▶ BRIEF: In the records below, begin at the line that has "Elijah during therapy, standing" and stop after the line that has "President Barack Obama, center, and"; quote those lines verbatim and nothing more.

▶ Stored data:

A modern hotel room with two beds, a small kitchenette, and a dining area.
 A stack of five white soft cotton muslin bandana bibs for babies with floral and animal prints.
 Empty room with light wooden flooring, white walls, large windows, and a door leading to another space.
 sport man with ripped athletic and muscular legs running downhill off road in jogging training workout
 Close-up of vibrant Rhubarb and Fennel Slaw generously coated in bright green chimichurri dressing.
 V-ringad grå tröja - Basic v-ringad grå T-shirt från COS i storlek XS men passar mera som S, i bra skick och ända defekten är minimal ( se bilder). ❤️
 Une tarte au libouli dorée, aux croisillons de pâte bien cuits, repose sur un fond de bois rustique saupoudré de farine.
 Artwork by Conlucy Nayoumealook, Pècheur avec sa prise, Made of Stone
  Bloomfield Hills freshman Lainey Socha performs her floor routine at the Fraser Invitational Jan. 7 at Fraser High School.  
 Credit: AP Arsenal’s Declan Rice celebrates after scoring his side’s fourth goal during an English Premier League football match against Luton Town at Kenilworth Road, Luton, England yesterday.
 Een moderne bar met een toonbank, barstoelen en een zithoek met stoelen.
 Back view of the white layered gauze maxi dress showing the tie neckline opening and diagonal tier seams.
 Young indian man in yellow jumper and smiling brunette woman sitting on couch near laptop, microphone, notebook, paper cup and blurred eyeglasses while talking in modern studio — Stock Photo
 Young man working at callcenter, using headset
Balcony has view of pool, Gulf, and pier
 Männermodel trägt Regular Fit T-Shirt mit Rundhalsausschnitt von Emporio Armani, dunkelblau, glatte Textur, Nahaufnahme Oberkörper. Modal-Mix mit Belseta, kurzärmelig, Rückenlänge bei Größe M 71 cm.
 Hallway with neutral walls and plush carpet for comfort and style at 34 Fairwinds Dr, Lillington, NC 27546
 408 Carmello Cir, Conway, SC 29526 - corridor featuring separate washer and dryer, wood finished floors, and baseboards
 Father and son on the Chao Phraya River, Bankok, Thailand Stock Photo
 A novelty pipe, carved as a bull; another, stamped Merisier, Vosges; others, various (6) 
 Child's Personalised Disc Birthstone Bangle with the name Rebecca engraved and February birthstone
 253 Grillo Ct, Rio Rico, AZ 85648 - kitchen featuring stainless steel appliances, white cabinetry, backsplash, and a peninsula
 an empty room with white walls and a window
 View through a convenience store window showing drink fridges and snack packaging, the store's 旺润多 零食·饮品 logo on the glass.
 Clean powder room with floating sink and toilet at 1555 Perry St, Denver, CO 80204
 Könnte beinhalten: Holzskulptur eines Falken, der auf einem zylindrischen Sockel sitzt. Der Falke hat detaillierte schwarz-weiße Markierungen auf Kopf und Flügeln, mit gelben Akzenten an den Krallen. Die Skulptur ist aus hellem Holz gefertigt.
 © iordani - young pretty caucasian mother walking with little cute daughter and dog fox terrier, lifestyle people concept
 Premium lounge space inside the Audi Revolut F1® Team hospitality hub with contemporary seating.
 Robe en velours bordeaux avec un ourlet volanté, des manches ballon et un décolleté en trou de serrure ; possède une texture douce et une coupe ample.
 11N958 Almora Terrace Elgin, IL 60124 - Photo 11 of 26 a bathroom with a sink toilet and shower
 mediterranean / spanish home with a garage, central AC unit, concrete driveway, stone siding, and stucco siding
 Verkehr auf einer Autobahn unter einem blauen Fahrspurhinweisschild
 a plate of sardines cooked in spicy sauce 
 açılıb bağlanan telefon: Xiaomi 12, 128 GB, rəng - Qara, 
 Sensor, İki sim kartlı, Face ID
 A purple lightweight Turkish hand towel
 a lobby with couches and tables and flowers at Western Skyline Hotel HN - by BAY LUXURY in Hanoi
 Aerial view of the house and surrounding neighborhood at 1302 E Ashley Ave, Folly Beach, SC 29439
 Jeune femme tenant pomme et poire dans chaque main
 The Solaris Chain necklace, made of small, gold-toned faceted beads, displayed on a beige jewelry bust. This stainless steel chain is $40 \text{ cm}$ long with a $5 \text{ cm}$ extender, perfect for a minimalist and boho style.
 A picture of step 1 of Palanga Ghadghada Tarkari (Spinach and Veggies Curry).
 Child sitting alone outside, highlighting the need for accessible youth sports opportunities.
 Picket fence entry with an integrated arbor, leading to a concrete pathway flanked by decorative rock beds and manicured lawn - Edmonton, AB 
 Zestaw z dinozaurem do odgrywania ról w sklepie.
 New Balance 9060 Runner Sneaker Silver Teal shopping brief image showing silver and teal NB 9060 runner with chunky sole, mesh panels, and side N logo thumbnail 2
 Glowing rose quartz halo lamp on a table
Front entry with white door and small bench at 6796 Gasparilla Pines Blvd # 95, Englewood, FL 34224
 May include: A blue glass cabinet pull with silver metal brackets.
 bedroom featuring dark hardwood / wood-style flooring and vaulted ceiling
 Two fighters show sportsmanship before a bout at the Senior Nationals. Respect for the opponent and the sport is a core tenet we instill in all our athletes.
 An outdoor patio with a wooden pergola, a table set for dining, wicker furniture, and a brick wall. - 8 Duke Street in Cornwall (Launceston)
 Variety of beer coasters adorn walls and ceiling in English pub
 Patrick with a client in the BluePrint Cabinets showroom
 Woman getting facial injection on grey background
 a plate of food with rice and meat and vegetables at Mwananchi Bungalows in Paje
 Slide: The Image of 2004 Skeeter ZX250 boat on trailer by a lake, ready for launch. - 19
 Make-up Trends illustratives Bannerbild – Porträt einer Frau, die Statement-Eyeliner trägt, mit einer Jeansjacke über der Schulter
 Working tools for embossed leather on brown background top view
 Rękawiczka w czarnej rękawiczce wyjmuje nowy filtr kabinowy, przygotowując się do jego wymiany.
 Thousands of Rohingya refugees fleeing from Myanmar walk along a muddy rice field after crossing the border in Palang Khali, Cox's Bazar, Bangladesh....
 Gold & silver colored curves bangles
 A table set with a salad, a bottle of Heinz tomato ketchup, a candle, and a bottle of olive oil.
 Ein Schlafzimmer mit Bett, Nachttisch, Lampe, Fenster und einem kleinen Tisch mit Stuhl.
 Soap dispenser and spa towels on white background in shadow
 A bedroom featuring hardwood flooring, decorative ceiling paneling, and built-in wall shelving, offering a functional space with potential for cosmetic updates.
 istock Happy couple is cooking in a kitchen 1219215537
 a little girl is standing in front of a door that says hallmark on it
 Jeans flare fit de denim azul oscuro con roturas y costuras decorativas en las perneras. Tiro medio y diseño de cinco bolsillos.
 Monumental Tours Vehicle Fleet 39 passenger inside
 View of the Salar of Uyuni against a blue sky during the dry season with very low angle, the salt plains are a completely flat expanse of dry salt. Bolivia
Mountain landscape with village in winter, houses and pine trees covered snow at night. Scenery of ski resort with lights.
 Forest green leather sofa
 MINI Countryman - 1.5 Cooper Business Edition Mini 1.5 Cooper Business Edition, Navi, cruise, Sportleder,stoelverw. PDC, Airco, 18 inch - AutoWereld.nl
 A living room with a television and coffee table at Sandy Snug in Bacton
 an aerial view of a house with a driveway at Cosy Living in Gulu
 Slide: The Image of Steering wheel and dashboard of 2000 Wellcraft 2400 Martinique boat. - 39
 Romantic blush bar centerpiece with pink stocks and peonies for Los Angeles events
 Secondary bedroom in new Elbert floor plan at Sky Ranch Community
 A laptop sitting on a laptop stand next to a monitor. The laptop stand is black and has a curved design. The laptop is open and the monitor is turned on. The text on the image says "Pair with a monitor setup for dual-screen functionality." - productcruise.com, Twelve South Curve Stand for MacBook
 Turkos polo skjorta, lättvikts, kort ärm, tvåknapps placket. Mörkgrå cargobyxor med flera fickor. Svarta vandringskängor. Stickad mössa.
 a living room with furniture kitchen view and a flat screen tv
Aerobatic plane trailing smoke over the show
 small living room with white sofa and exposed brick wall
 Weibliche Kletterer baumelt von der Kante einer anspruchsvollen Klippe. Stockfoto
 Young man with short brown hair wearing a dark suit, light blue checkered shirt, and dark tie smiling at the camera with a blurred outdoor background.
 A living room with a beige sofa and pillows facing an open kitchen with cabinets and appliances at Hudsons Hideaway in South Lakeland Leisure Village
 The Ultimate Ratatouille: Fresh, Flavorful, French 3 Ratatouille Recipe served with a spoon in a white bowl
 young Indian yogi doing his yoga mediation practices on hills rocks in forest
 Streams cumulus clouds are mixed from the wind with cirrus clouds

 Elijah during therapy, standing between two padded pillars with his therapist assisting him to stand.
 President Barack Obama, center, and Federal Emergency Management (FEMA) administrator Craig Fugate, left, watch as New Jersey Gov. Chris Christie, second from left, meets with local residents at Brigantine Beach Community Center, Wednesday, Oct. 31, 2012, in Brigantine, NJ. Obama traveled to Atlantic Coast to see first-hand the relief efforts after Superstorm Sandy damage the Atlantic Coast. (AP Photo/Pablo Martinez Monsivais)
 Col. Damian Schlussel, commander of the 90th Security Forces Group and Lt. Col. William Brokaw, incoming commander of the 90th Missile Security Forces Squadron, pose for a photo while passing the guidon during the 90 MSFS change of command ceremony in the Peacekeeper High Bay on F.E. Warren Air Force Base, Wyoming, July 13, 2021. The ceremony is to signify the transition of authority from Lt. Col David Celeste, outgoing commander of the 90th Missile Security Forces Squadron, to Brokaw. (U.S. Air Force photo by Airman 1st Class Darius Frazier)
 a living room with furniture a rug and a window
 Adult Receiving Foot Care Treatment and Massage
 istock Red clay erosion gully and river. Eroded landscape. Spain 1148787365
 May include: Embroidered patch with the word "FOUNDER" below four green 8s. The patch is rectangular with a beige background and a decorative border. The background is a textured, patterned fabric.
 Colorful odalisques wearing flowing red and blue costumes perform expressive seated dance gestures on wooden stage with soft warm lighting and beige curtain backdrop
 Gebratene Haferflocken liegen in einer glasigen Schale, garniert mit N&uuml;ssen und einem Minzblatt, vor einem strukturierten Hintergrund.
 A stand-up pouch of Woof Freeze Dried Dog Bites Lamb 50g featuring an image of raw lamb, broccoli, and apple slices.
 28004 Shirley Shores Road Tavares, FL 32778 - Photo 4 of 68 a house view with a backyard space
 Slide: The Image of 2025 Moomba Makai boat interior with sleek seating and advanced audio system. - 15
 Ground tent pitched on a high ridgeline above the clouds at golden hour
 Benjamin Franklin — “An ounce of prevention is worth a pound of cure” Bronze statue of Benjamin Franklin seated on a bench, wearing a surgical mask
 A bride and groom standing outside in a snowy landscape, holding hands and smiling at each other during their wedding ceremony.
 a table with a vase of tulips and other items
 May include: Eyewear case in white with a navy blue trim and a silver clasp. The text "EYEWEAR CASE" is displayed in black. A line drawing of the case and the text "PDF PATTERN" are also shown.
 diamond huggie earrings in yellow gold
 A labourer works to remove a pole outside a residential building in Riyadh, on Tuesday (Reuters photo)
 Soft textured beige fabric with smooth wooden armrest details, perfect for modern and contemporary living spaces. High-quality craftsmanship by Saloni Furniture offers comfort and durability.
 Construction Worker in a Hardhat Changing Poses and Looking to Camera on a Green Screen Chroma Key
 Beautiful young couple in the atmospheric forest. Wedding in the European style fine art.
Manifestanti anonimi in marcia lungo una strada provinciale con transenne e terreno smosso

▶ ANSWER FOR THIS EXERCISE:
 Elijah during therapy, standing between two padded pillars with his therapist assisting him to stand.
 President Barack Obama, center, and Federal Emergency Management (FEMA) administrator Craig Fugate, left, watch as New Jersey Gov. Chris Christie, second from left, meets with local residents at Brigantine Beach Community Center, Wednesday, Oct. 31, 2012, in Brigantine, NJ. Obama traveled to Atlantic Coast to see first-hand the relief efforts after Superstorm Sandy damage the Atlantic Coast. (AP Photo/Pablo Martinez Monsivais)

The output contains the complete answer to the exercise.